The choice to debunk from their French Quarter barracks and hole up in El Paso, Texas to record So It Is set the tone for the band’s personal and sonic exploration. “This is the first time we recorded outside of New Orleans,” Jaffe says. “We all felt it was important we record somewhere we could reflect, be introspective and focus, as going where we’ve gone on this project is unchartered for us.”

Sitek is known for getting artists out of their comfort zones, and pushing and stretching them to the fibers of their own capabilities, which was exactly what Jaffe was searching for. He also was the driving force behind moving the sessions outside New Orleans to the Sonic Ranch in El Paso. Jaffe describes the studio as “a magic place” that’s “special in the way Preservation Hall is special.” The sessions immediately clicked; tracks like single “Santiago,” “La Malanga” and “One Hundred Fires” would fit snugly onstage at Coachella or Jazz Fest, both of which the band played this spring.

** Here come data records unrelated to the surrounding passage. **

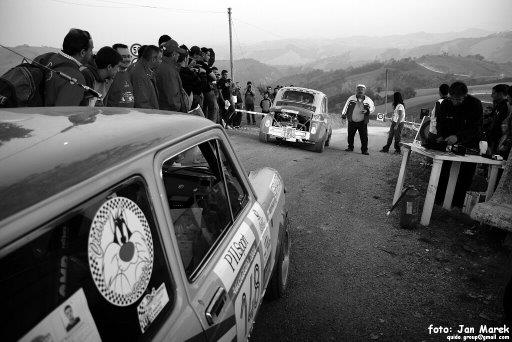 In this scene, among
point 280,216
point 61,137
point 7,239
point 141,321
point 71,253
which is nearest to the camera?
point 7,239

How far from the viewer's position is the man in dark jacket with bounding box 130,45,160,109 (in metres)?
4.71

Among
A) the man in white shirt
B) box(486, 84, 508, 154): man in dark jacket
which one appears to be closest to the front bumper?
the man in white shirt

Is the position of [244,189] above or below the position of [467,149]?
above

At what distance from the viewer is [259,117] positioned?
18.2 metres

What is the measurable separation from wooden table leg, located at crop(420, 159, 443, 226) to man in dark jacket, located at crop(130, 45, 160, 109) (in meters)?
3.80

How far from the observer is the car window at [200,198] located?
1.68 metres

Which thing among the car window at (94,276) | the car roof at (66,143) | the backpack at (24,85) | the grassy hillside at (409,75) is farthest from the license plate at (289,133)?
the grassy hillside at (409,75)

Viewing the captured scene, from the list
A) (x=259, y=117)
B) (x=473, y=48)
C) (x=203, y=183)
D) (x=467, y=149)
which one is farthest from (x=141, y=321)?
(x=473, y=48)

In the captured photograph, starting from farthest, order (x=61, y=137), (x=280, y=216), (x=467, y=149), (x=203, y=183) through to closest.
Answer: (x=467, y=149)
(x=280, y=216)
(x=203, y=183)
(x=61, y=137)

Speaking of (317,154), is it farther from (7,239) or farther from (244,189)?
(7,239)

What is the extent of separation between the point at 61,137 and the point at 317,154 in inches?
353

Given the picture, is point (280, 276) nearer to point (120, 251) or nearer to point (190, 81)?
point (120, 251)

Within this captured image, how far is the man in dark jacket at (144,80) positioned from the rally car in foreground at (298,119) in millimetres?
5677

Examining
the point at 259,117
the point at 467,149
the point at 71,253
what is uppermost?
the point at 71,253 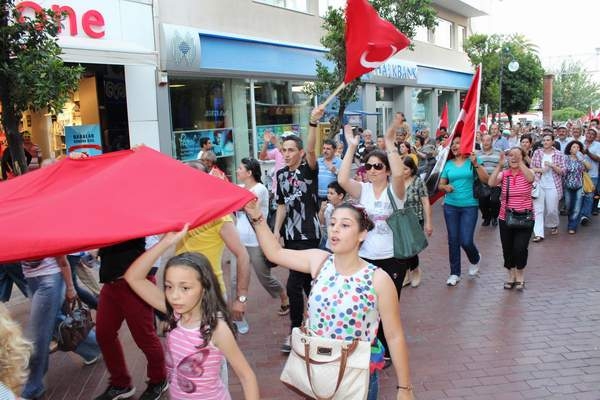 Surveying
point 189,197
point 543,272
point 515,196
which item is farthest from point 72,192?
point 543,272

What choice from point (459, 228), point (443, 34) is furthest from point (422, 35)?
point (459, 228)

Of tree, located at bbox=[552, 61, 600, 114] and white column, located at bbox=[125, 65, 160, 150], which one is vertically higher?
tree, located at bbox=[552, 61, 600, 114]

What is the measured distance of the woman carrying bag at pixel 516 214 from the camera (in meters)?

“Dave challenged all of us to make great music,” Jaffe says. “He believes in searching to the point of mayhem. That’s a scary place to go when making music that has a responsibility to its city. You want to make music your community cheers for. I love that about Bruce Springsteen—he’s a hometown, New Jersey hero.”

“We tried to keep in mind that vibration is everything,” Sitek adds. “Allowing a listener to blast the speakers and get your whole being inside the song. Inhabiting the music— that’s your chance to transform and become joy, sorrow—it’s an exultation of the infinite, fearless. Let the horns inform.”

The resulting album, which was released in April via Legacy, is both a fusion of the disparate African sounds that have informed the music of Cuba and New Orleans for generations and a continuation of Pres Hall’s own 21st-century evolution. Jaffe and Gabriel penned the album’s tracks, tapping into a blend of Afro-Cuban grooves and psychedelic-jazz experiments that share a familiar bond with the classic Crescent City sounds that their ensemble has preserved for over 50 years.

“He challenged us to be the musicians we are, and everyone in the band is at the top of their musical game,” Jaffe says. “Dave knows this and he knew we could push ourselves creatively in this project.”

And, despite their new recording location and more global palette of sounds, Jaffe still considers So It Is to be a true New Orleans statement— and one that captures one of America’s cultural jewels at a unique time in the country’s social and political history.

“It was important that we made a very honest record—an album that is the sign of the times,” he says, summing up the band’s mission since their Cuban journey two years ago. “In New Orleans, we play music and dance at our saddest moments, contrary to the way most of this country deals with sadness. The thing about New Orleans music is it doesn’t just rise above. It exists above everything else.”